For the fourth consecutive month, private nonresidential construction has increased, up 1.8 percent in June, according to the August 1 report by the U.S. Census Bureau. However, spending in this sector is down 1.3 percent compared to one year ago. Total nonresidential construction spending – which includes both privately and publicly financed construction – was $528.4 billion in June, up 0.5 percent for the month, but down 5.5 percent year-over-year.
Eleven of the sixteen nonresidential construction subsectors posted increases for the month, including manufacturing, up 4.1 percent; communication, up 3.9 percent; power, up 3.1 percent; and health care, up 2.4 percent. Four subsectors have had increases in construction spending from the same time last year. They are power, up 13.8 percent; commercial, up 4.2 percent; communication, up 2.7 percent; and health care, up 2.4 percent.
Five nonresidential construction subsectors posted decreases for the month, including conservation and development, down 6.6 percent; educational, down 3.2 percent; amusement and recreation, down 3.1 percent; highway and street, down 1.6 percent; and religious construction, down 1.4 percent. Of the twelve subsectors experiencing decreases in spending year-over-year, they are religious, down 25.7 percent; lodging, down 24.3 percent; and water supply, down 14.3 percent.
Public nonresidential construction spending slipped 0.7 percent for the month and is down 9.2 percent compared to the same time last year. Residential construction spending fell 0.3 percent in June and is down 2.1 percent over the last twelve months. Total construction spending – which includes residential and nonresidential construction – inched up 0.2 percent for the month, but was down 4.7 percent from June 2010.
“Some may be surprised with today’s report that construction spending edged higher in June given the overall weakness of the U.S. economy in recent months,” said Associated Builders and Contractors Chief Economist Anirban Basu.

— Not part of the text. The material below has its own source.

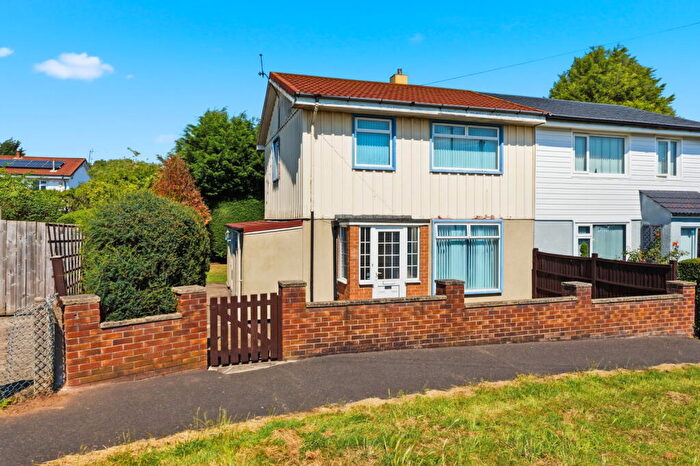 3 Bedroom Semi-Detached House For Sale In Melford Road, Nottingham, Nottinghamshire, NG8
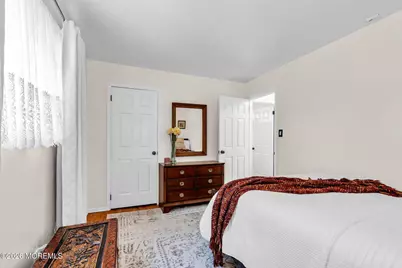 1010 Fordham Road, Neptune Township, NJ 07753 - Photo 25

“It is important to note in this context that construction activity remains a lagging indicator of overall economic activity, which implies that the modest uptick in construction spending in June was a reflection of economic momentum that pre-existed the recent soft patch,” Basu said.
“With the softness in economic activity persisting, perhaps through the balance of this year and beyond, the ongoing increase in total nonresidential construction spending is unlikely to last,” said Basu.
“With government support for construction on the wane, the hope has been that a privately financed recovery would begin in earnest,” Basu said. “To a certain extent, that has occurred, with manufacturing, communication, power and health care construction leading the way.
“Should the nation’s economic recovery pick up steam later this year, construction will again be positioned for an increase in spending, but for now the outlook is not particularly promising,” said Basu.